Ao SOL, João Duque comenta que Fergussson «apresenta-nos um quadro assustador, mas que assenta na observação realista de que os preços de ativos subiram» ao mesmo tempo em  «muitos mercados» e que muitas das condições que «despoletaram a crise já se recompuseram». 

O professor do ISEG considera que este é «o resultado de políticas monetárias muito expansionistas em simultâneo para as principais moedas do planeta» e chama a atenção que «a oferta de moeda na sua versão mais alargada cresceu 24,0% de 2008 para 2016, o crédito providenciado pelo setor financeiro à economia cresceu 21% de 2008 para 2016, mas o PIB só cresceu 19,2%». 

O catedrático explica que isto significa que «há massa monetária a crescer muito mais do que o crescimento do rendimento que ela serve», mas como o «crédito fornecido pelo setor bancário só cresceu 5,2%» é necessário «cuidado com os outros setores da área financeira»,

Já João César das Neves considera que as «’quatro razões para estar nervoso’ (que são reais) são, quase todas, aspetos de longo prazo, que por isso não tem de afetar a conjuntura». César das Neves considera que não é «com base nesses elementos que se pode prever um colapso mundial em 2018 semelhante ao de 2008». 

Fragilidades 

Sobre o futuro próximo, o professor universitário alinha pelas previsões das organizações internacionais e estas «indicam uma situação em 2018 semelhante à deste ano, ligeiramente menos dinâmica nas economias desenvolvidas».  Sobre as principais fragilidades da economia global, César das Neves aponta que «a situação de liquidez mundial, com o sistema inundado de dinheiro devido às políticas monetárias da última década é uma grande fragilidade». 

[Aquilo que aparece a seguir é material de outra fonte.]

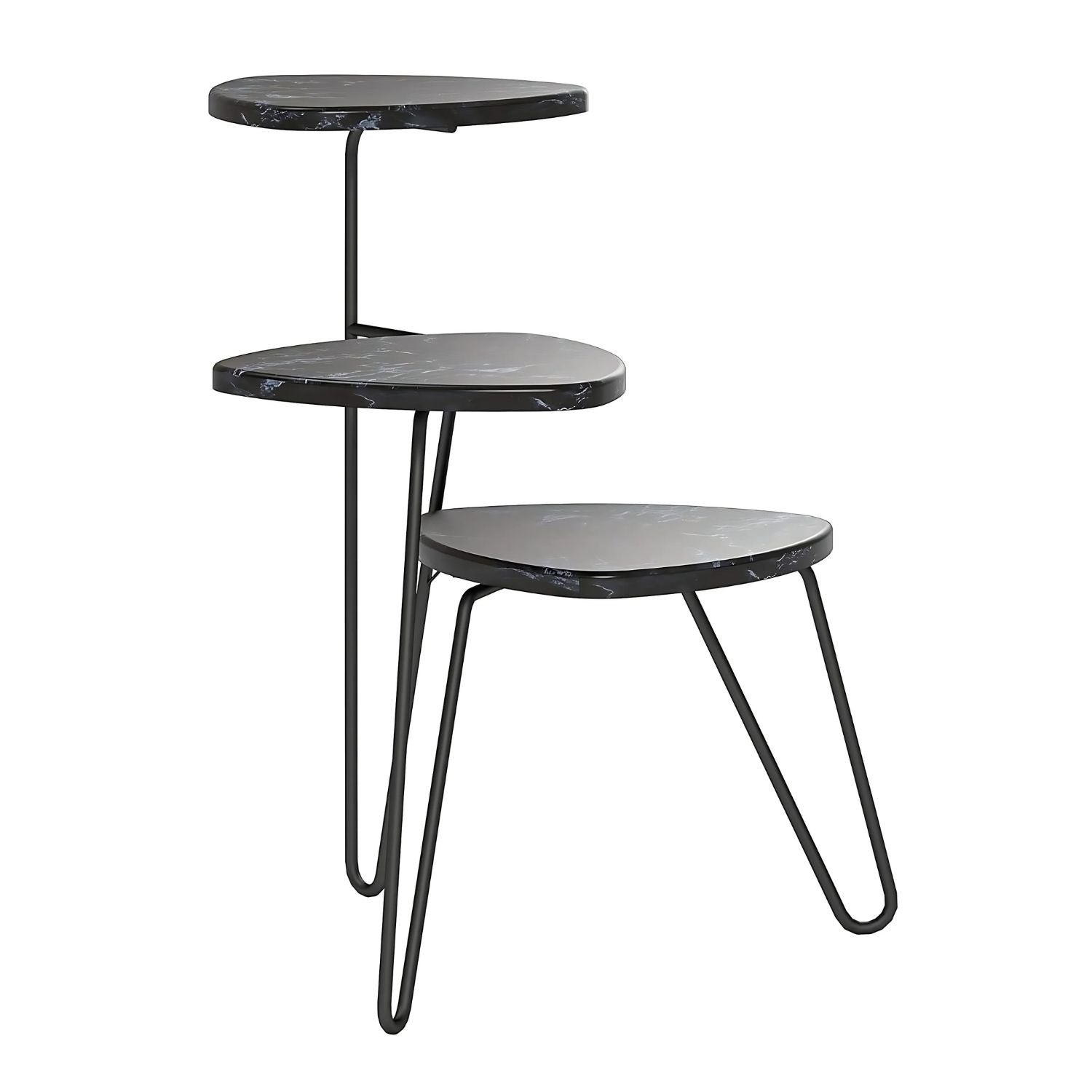 Elegant Three-Tier Black Metal Plant Stand For Indoor And Outdoor Decor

O economista aponta ainda que «há vários riscos importantes, devido aos choques tecnológicos (Niall Fergusson fala disto)». No entanto, lembra que as «crises sérias raramente vêm dos riscos previsíveis, mas de onde não se espera». 

César das Neves salienta ainda que para mitigar os efeitos de uma nova crise «seria preciso flexibilizar as economias, fortalecer os aparelhos produtivos e a competitividade». 

Já João Duque aponta que no futuro próximo «as taxas de juro vão começar a subir» e por isso é normal que as «taxas de crescimento das economias comecem a abrandar». Para além  disso, «estaremos a enfrentar os efeitos dos elevados excessos de liquidez e é possível que a inflação comece a subir». 

Tal como o seu colega da Católica, Duque considera que o principal risco da economia mundial é o «excesso de endividamento global e o excesso de liquidez» e defende que o desafio económico a nível global é «reduzir a liquidez suavemente e sem grandes perturbações».